Working through the data below, reproduce word for word the line with "Okay, so let's" and every line after it, both ends included, and omit the pictures.

::::::

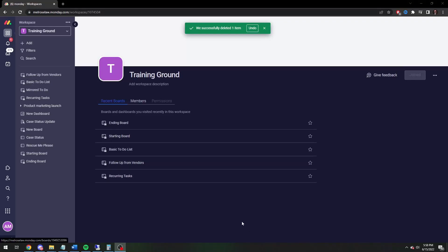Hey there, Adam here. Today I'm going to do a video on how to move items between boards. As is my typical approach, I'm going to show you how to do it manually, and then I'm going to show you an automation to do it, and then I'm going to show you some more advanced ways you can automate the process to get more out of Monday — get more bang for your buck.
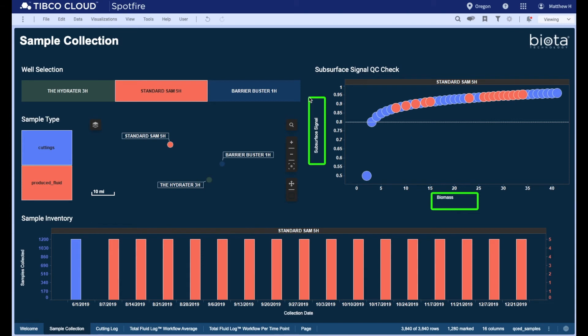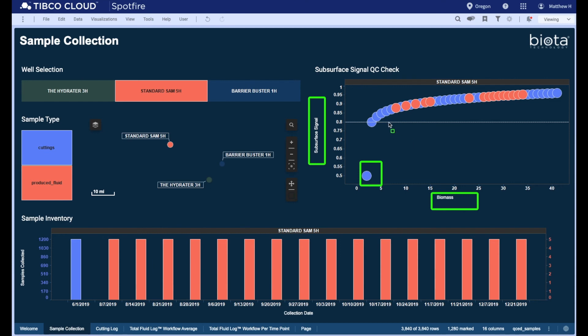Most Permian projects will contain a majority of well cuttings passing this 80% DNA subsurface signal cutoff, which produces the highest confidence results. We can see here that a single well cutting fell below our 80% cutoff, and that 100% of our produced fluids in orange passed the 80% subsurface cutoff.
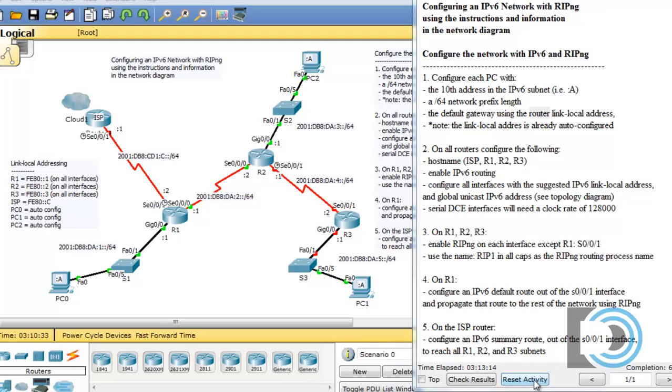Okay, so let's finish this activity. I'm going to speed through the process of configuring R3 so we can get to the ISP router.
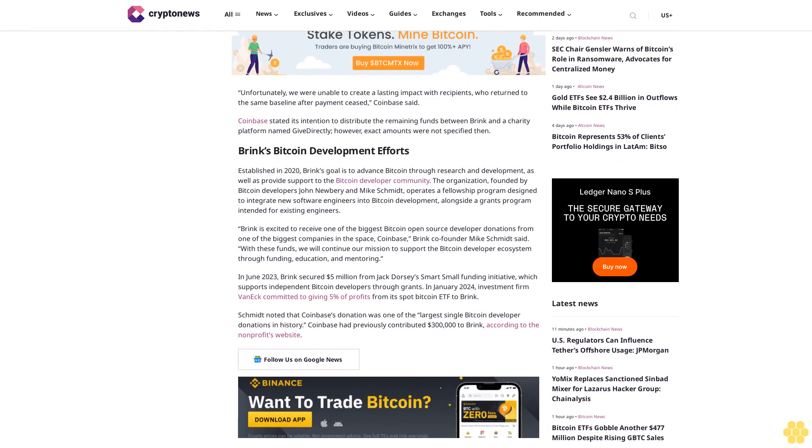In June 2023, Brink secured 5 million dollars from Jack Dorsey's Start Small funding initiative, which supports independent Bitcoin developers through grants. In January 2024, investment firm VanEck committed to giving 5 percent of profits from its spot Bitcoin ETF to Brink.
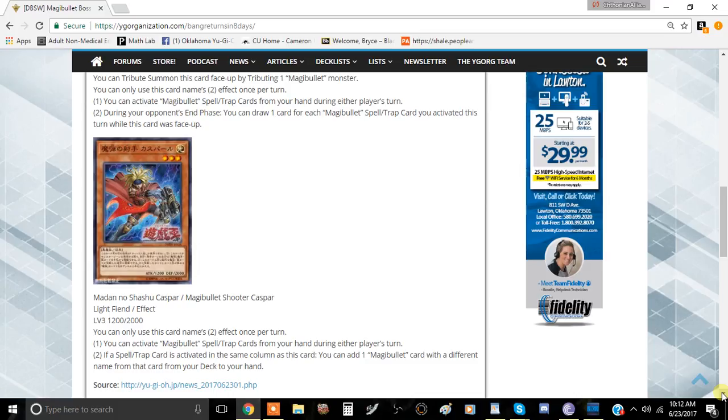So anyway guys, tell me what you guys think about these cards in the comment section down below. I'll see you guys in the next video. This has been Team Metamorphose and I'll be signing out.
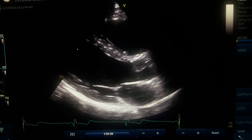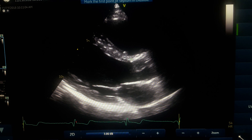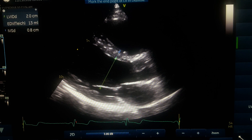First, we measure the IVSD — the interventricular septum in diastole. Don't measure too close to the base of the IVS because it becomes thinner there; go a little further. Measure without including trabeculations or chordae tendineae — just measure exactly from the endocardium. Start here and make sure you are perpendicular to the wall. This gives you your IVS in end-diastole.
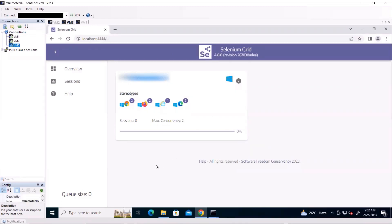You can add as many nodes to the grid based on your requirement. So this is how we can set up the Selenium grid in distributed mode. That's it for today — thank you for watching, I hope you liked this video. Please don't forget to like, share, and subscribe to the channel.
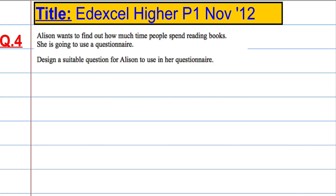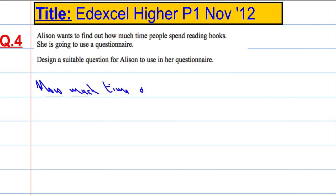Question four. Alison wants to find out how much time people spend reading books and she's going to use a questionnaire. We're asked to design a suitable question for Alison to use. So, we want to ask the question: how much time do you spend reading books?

::::::

- **Exercise solution**
Okay, so let's finish this activity. I'm going to speed through the process of configuring R3 so we can get to the ISP router.
In June 2023, Brink secured 5 million dollars from Jack Dorsey's Start Small funding initiative, which supports independent Bitcoin developers through grants. In January 2024, investment firm VanEck committed to giving 5 percent of profits from its spot Bitcoin ETF to Brink.
So anyway guys, tell me what you guys think about these cards in the comment section down below. I'll see you guys in the next video. This has been Team Metamorphose and I'll be signing out.
First, we measure the IVSD — the interventricular septum in diastole. Don't measure too close to the base of the IVS because it becomes thinner there; go a little further. Measure without including trabeculations or chordae tendineae — just measure exactly from the endocardium. Start here and make sure you are perpendicular to the wall. This gives you your IVS in end-diastole.
You can add as many nodes to the grid based on your requirement. So this is how we can set up the Selenium grid in distributed mode. That's it for today — thank you for watching, I hope you liked this video. Please don't forget to like, share, and subscribe to the channel.
Question four. Alison wants to find out how much time people spend reading books and she's going to use a questionnaire. We're asked to design a suitable question for Alison to use. So, we want to ask the question: how much time do you spend reading books?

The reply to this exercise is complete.